The biomarker discovery and verification studies were conducted with Version 1 (V1) of the assay, which measured over 800 proteins [12]. The final validation study used Version 2 (V2), which measures 1045 proteins (Table S1). Minor assay protocol changes were incorporated in V2 to optimize the sample diluent and washing steps. The classifier containing the same 13 candidate biomarkers was re-trained in the V2 format with a bridging study which included 113 of the original 120 training samples; 7 samples were depleted after the initial training. Equivalent performance was demonstrated with a Spearman correlation coefficient of 0.92 prior to blinded verification and validation (Figure S1).

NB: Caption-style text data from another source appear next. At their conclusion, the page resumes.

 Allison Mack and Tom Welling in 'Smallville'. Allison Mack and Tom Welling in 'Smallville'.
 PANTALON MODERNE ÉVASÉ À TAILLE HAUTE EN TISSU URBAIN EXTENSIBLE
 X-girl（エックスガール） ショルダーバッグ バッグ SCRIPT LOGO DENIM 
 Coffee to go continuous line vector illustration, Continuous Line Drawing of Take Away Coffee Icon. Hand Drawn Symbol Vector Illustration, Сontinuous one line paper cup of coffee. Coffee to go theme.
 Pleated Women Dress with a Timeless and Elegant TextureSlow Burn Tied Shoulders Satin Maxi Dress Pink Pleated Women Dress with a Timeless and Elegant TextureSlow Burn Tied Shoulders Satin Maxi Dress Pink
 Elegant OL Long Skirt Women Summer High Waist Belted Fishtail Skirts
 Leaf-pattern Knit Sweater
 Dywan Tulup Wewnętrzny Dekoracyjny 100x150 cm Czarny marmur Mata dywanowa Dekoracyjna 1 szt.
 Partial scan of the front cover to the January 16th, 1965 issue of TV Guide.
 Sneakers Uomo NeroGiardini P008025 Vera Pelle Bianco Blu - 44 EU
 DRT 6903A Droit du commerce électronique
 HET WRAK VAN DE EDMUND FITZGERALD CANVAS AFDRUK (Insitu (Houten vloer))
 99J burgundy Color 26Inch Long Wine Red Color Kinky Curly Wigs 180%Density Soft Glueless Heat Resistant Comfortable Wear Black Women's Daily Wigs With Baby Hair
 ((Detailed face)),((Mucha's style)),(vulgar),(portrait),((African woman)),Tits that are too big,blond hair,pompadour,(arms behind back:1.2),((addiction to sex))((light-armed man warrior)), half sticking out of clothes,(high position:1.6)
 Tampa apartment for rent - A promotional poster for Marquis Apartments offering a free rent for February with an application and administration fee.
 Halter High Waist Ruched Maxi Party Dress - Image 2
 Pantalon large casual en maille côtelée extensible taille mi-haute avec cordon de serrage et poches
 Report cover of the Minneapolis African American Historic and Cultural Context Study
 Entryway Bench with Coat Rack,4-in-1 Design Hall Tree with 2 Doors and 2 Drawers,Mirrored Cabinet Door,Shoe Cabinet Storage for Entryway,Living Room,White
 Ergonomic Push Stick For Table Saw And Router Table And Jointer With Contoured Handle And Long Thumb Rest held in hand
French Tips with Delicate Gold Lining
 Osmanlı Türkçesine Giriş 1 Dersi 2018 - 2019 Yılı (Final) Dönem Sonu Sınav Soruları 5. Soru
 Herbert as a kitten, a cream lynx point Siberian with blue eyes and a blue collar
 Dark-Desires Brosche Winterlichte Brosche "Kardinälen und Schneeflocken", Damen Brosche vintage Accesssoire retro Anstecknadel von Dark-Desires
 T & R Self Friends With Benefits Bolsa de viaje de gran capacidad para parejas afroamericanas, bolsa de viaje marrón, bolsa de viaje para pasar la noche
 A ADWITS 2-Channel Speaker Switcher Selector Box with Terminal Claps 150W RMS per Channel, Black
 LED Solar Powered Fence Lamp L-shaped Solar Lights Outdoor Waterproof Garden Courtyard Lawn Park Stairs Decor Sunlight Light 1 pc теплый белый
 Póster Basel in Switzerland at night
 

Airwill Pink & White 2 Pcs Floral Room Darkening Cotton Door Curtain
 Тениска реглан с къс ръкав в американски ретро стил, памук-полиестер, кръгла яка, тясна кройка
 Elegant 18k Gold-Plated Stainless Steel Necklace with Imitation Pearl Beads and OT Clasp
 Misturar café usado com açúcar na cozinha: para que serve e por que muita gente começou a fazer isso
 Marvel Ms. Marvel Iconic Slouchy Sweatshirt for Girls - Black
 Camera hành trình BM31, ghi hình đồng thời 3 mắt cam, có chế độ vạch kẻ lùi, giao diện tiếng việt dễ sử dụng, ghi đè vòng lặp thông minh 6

Candidate Biomarker Selection and Classifier Training

The cohort of 159 samples was divided randomly into two sets, 75% for training (60 cases/60 controls) and cross-validation and 25% (19 cases/20 controls) for blinded verification, which were withheld from training to test classifier performance (Figure 1). This was followed by a blinded independent validation set of 100 samples (38 cases/62 controls). A series of univariate and multivariate comparisons were made to identify candidate MM biomarkers and filter out analytes subject to preanalytical variability. A 13 biomarker random forest classifier was applied to the blinded verification and validation study samples to predict the probability of MM. Functional analysis was performed with DAVID Bioinformatics Resources version 6.7 [17].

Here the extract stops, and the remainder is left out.